If you're starting out, authors recommend you always use the latest version at HEAD only.
As of Q2'24, Fleetbench provides coverage for several major hot functions.
Benchmark | Description |
---|---|
Proto | Instruction-focused. |
Swissmap | Data-focused. |
Libc | Data-focused. |
TCMalloc | Data-focused. |
Compression | Data-focused. Covers Snappy, ZSTD, Brotli, and Zlib. |
Hashing | Data-focused. Supports algorithms CRC32 and absl::Hash. |
STL-Cord | Instruction-focused. |
Bazel is the official build system for Fleetbench.
We support Bazel version 6 and 7.
NOTE: Our setup uses Bazel 7.0.1 and LLVM 17.0.1.

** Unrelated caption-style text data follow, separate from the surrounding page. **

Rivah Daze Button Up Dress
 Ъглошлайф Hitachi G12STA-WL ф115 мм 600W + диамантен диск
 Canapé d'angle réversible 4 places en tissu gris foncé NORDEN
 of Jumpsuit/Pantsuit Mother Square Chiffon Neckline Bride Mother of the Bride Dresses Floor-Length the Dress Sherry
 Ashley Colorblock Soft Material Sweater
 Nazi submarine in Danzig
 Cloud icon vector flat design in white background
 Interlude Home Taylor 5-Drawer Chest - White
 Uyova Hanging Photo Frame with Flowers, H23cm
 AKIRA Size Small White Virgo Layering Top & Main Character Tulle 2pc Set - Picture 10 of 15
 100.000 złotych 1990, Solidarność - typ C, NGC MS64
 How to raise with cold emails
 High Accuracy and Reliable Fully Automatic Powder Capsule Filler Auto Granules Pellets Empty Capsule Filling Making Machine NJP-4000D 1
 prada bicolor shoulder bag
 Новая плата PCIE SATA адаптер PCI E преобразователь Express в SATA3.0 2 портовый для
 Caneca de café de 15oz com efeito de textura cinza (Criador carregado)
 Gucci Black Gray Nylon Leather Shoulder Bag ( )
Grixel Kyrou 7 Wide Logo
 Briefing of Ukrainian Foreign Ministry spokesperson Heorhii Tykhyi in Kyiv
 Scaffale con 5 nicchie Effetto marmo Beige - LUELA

As an example, to run the Swissmap benchmarks:
bazel run --config=opt fleetbench/swissmap:swissmap_benchmark
Important: Always run benchmarks with --config=opt
to apply essential compiler
optimizations.
Replacing the $WORK_LOAD
and $BUILD_TARGET
with one of the entry in the
table to build and run the benchmark. The reasons why we add each build flag are
explained in the next few sections.
Benchmark | WORKLOAD | BUILD_TARGET | Binary run flags |
---|---|---|---|
Proto | proto | proto_benchmark | --benchmark_min_time=3s |
Swissmap | swissmap | swissmap_benchmark | |
Libc memory | libc | mem_benchmark | --benchmark_counters_tabular=true |
TCMalloc | tcmalloc | empirical_driver | --benchmark_min_time=10s . Check --benchmark_filter below. |
Compression | compression | compression_benchmark | --benchmark_counters_tabular=true |
Hashing | hashing | hashing_benchmark | --benchmark_counters_tabular=true |
STL-Cord | stl | cord_benchmark |
NOTE: By default, each benchmark only runs a minimal set of tests that we have
selected as the most representative. To see the default lists, you can use the
--benchmark_list_tests
flag when running the target. You can add
--benchmark_filter=all
to see the exhaustive list.
You can also specify a regex in --benchmark_filter
flag to specify a subset of
benchmarks to run
(more info).
The TCMalloc Empirical Driver benchmark can take ~1hr to run all benchmarks, so
running a subset may be advised.
Example to run for only sets of 16
and 64
elements of swissmap:
bazel run --config=opt fleetbench/swissmap:swissmap_benchmark -- \
--benchmark_filter=".*set_size:(16|64).*"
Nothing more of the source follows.